At a campaign boot camp last night at the New Hampshire Institute of Politics, I spoke about political engagement and was asked "why should a student who is not interested in campaigns -- who wants to be an accountant or a scientist -- be involved in politics?" My response was to invoke the Ancient Greek saying: "even if you are not interested in politics, politics is interested in you." That is certainly true, I argued, for the graduate who cares about student loan debt, the accountant who cares about financial markets, Wall Street reforms, or tax policy, and for the aspiring scientist who wants a public role in funding science, fighting climate change, promoting stem cell research, and ensuring that science is based on peer-reviewed studies not political interference.
This challenge to get people who ARE scientists to engage in politics is compounded by the dual challenge we face to clean up our polluted planet and America's polluted politics.
Our planet is polluted by toxins, carbon emissions, and other public health hazards. President Obama laid out the climate threat in his 2015 Earth Day message in the weekly address:
"The world's top climate scientists are warning us that a changing climate already affects the air our kids breathe," the president said. "Last week, the surgeon general and I spoke with public experts about how climate change is already affecting patients across the country. The Pentagon says that climate change poses immediate risks to our national security."

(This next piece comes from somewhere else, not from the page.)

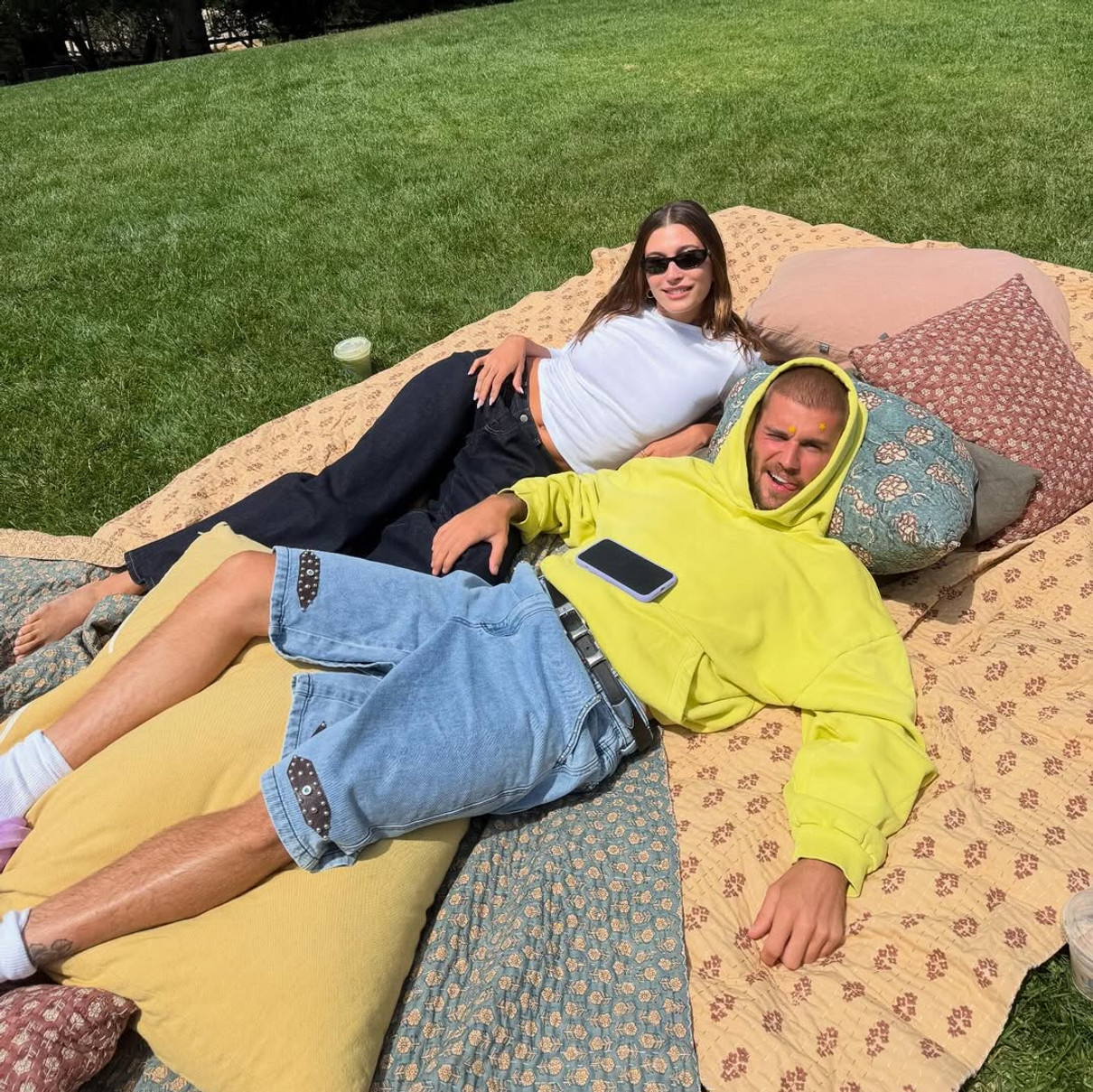 Джастін Бібер на покривалі попритулявся до Хейлі просто неба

Yet for all these facts, scientists proposing common-sense regulation of pollutants are rebuffed by corporate forces pushing to demoralize, defund, and ultimately destroy the bipartisan record of reform.
Polluted politics allow Republican leaders and presidential contenders to take the "I'm not a scientist" approach so brilliantly skewered by Americans United for Change in their Webby-nominated #NotAScientist video: The Republican claims are laughable -- but the GOP budget cuts seeking to decimate the Environmental Protection Agency and the Department of Energy are deadly serious.
Congressional Republicans have threatened to roll back the Clean Air and Clean Water Acts as well as EPA regulations to reduce greenhouse gasses that cause climate change -- like carbon dioxide, mercury and methane, and protect U.S. waters from pollution.
The Republicans' polluted policies are aided and abetted by polluted politics. From the Koch Brothers to Karl Rove's super PACs, oil and gas money is saturating politics like never before. Billions of dollars of corporate money have been belched into negative ads from the Republican side to fight those who support green politics. Not only are actual scientists demonized as radicals but corrosive initiatives are "greenwashed" into innocuous sounding initiatives. Remember, when polluters fund "green" initiatives, "healthy skies" mean the opposite. Sadly, millions of the individual actions by citizens to recycle, compost, reduce smog, drive hybrids, or go solar can be undercut by one greenwashed rule or regulation allowing unfettered "voluntary" actions by polluters despite known health and safety risks. This is wrong. We must insist on environmental policies that reinforce not undercut our environmental ethics.
It doesn't have to be this way. As House Democratic Leader Nancy Pelosi often says: "our Founders pledged their lives, their liberty and their sacred honor to build a democracy: a government of the many, not a government of the money."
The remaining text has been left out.